A home is most likely the largest purchase you’ll ever make in your life (unless you get to yacht or personal jet level, I suppose). And the whole home-as-an-investment concept is incredibly misleading. The truth is that a home is something you’ll always be putting money into, and its value can fluctuate dramatically based on the market. But of course, it is fun and exciting to have a place that is your own, and once you are financially ready, it’s nice to be paying money towards something you can eventually sell versus putting money towards rent that you’ll never get back.

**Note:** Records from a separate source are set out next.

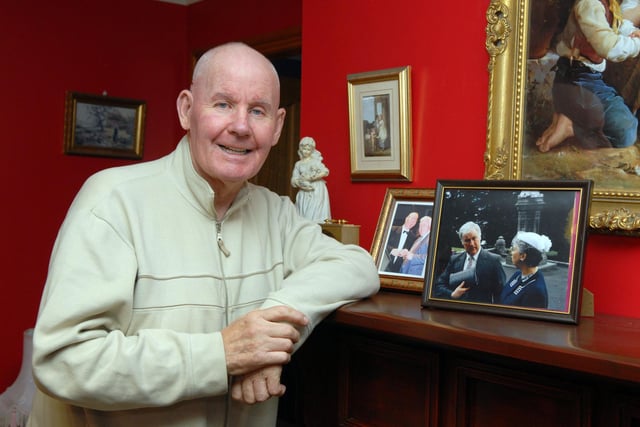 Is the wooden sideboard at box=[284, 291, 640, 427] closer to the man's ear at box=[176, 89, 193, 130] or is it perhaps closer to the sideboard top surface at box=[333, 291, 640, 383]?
the sideboard top surface at box=[333, 291, 640, 383]

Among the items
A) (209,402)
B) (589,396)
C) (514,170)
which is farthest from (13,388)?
(589,396)

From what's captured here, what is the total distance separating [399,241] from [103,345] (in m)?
1.09

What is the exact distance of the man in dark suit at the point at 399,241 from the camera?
2.24 m

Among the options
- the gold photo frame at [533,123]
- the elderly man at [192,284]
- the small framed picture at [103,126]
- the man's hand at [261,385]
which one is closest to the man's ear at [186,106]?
the elderly man at [192,284]

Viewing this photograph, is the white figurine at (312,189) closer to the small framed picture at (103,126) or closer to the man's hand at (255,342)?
the man's hand at (255,342)

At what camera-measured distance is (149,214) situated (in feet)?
5.69

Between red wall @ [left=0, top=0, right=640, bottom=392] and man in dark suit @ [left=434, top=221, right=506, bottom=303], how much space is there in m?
0.43

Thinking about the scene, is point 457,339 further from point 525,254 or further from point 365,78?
point 365,78

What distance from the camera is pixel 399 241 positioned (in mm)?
2273

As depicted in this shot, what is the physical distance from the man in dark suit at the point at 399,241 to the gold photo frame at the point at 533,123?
1.00 feet

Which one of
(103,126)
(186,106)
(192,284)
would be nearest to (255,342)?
(192,284)

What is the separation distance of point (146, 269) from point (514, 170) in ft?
3.69

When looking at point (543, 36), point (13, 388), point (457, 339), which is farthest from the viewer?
Result: point (13, 388)

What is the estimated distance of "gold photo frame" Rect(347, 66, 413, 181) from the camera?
2416mm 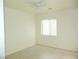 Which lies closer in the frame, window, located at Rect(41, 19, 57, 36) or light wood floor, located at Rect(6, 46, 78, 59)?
window, located at Rect(41, 19, 57, 36)

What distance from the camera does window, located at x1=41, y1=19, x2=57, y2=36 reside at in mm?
931

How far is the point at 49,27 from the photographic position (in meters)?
0.95

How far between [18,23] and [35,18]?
0.28 m

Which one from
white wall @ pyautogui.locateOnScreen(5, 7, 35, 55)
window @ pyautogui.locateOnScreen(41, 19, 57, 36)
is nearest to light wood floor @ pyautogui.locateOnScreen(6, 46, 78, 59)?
white wall @ pyautogui.locateOnScreen(5, 7, 35, 55)

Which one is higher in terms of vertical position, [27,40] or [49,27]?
[49,27]

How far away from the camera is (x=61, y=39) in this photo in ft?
3.11

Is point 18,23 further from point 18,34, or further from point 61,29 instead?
point 61,29

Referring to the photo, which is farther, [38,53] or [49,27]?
[38,53]

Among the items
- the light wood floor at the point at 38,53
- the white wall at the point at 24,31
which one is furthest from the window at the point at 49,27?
the light wood floor at the point at 38,53

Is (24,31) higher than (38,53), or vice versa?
(24,31)

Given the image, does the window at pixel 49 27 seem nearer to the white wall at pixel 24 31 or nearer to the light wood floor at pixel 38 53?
the white wall at pixel 24 31

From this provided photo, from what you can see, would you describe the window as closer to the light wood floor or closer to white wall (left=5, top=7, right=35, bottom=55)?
white wall (left=5, top=7, right=35, bottom=55)

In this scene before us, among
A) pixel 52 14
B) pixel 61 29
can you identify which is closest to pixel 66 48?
pixel 61 29

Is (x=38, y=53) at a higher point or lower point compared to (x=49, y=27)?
lower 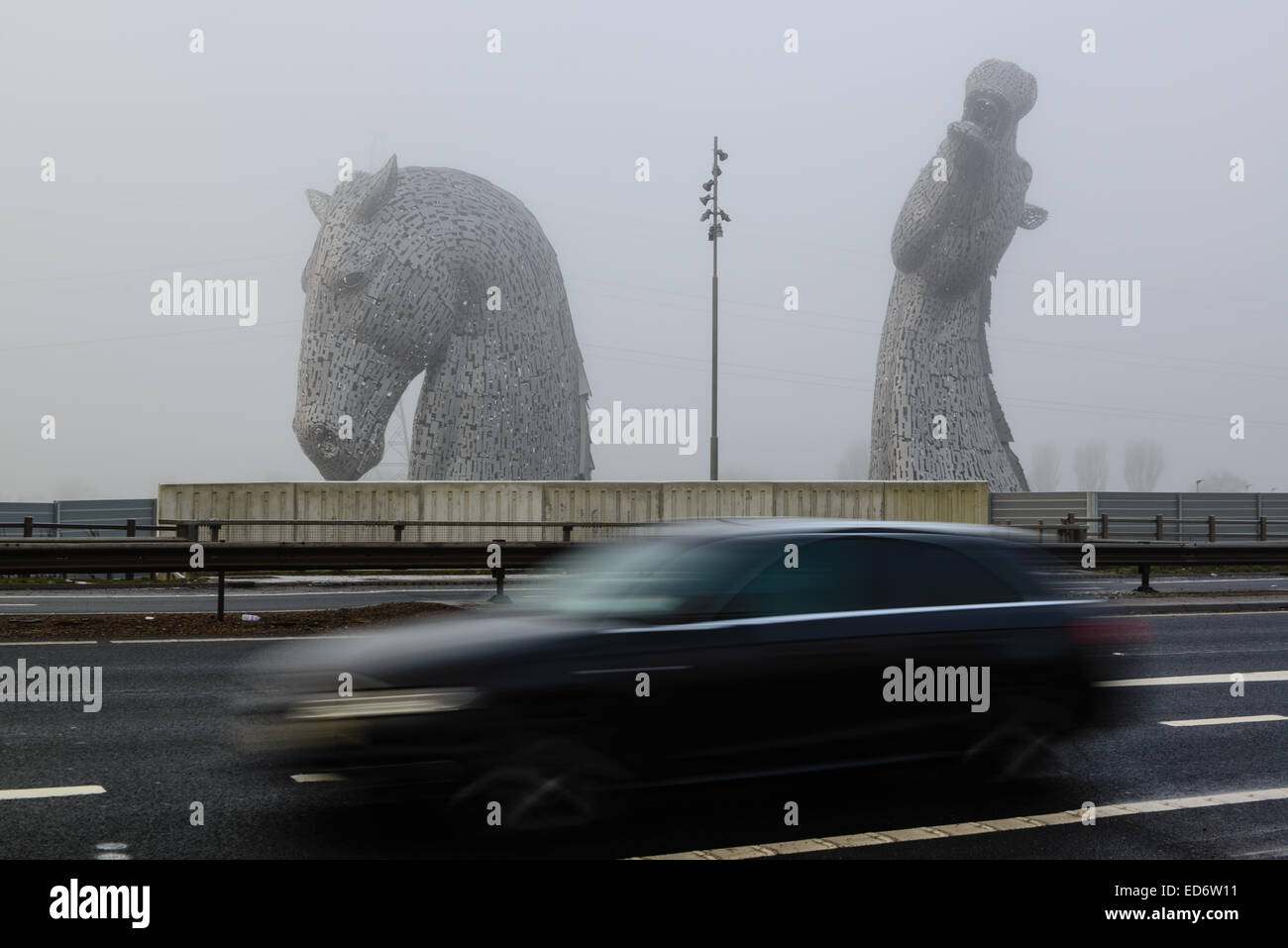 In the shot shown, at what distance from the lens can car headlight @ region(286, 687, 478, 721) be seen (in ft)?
16.8

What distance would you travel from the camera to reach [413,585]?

I wrote this article about a year ago about our constant internal battle with pursuing home-buying and realizing over (and over) again that we weren’t ready. I could write another whole article on how awful it feels to finally be ready to buy a house and find yourself hunting in the worst market for buyers that our city has probably ever seen. But rather than continue to lament the housing-related stress we’ve been dragging around for years, I’ll cut it off there to say that we finally bought a house! We are so excited and so totally overwhelmed to take on this new season of life as homeowners.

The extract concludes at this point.